Installed in January, the machine in the first month dispensed 637 drinks to food deliverymen, postmen and just about anyone who shows up at the Chiam house in Yarrow Gardens on a work errand.
Dr Chiam, 51, is a general practitioner who, with his family, wanted to find a way of offering a cold drink to people who came to the house to deliver food or the mail – even when they were not at home.
He said: “We use a lot of delivery services as a family. We typically try to offer drinks to the delivery workers, but we are not always able to meet them at the gate.”
So Dr Chiam and his wife, with their 15-year-old triplets Andre, Ethan and Sophia, came up with the vending machine idea last November. They refer to it as TYVMdrinks, or Thank You Very Much drinks.
“We do this because it is a way for us to thank them for bringing us food at all times, under the hot sun and in the rain, especially since it is now the monsoon season,” said Dr Chiam.
The project is a family affair.
The children are largely in charge of planning and marketing. Andre planned the project, Ethan designed the vending machine logo and stickers using graphic design platform Canva, and Sophia helms the Instagram account.

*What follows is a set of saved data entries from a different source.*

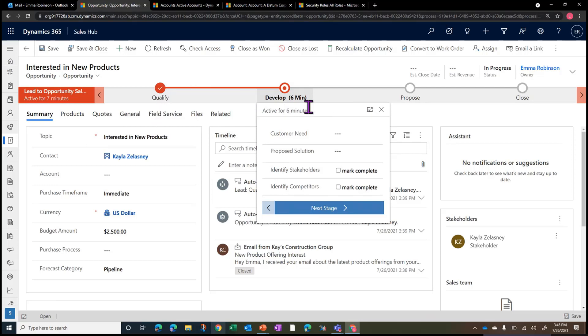Where these say qualify, develop, and propose, these could ultimately say many different things that are specific to your business's stage gates for going from a lead to an opportunity to deal closure.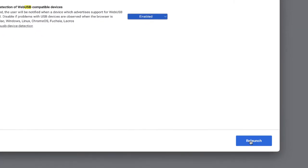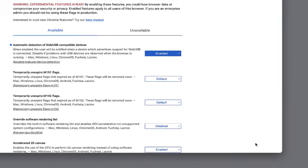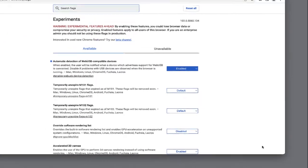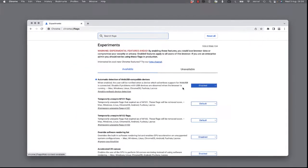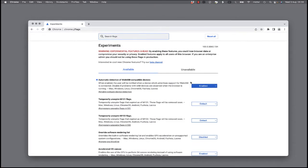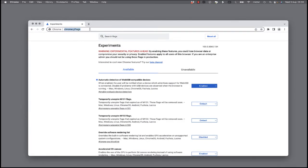Then click on Relaunch. Now your Chrome browser is configured.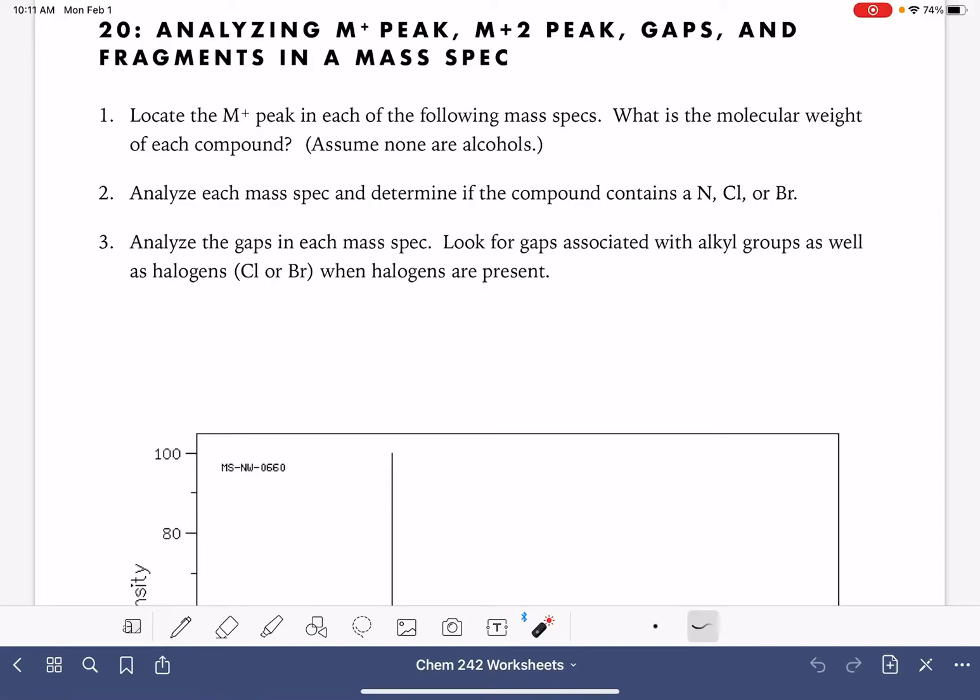In this video, we're going to practice analyzing mass spec data for five mass specs. We're going to locate the M plus peak, the molecular ion peak in each spectrum, and use it to determine the molecular weight.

Meanwhile, Dr Chiam funds the project and his wife, Dr Lisa Chen, 51, also a general practitioner, selects the drinks and puts in the orders.
Setting up and decorating the vending machine cost about $3,000, and the drinks cost less than 50 cents each.
Besides taking turns to top up the vending machine twice a week, the family often discuss over meals the number and types of drinks to buy and ways to make the project better.
One way to improve the project, Dr Chiam said, is to set up a pay-it-forward system so that others can chip in to buy drinks for these delivery workers.
And yes, the family has noticed that the vending machine has attracted the attention of those who are not on any type of work errand.
Dr Chiam said: “We hope to make the system maybe try to discern whether the person is a delivery worker, for instance, so that the machine does not just dispense drinks to everyone. That way, the system is less prone to abuse.”
Dr Chiam’s vending machine is gaining traction online, and he said it is encouraging to receive kind comments.
“But the most rewarding part of this project is definitely seeing the smiles of delivery men, drivers and service people who use it,” he said.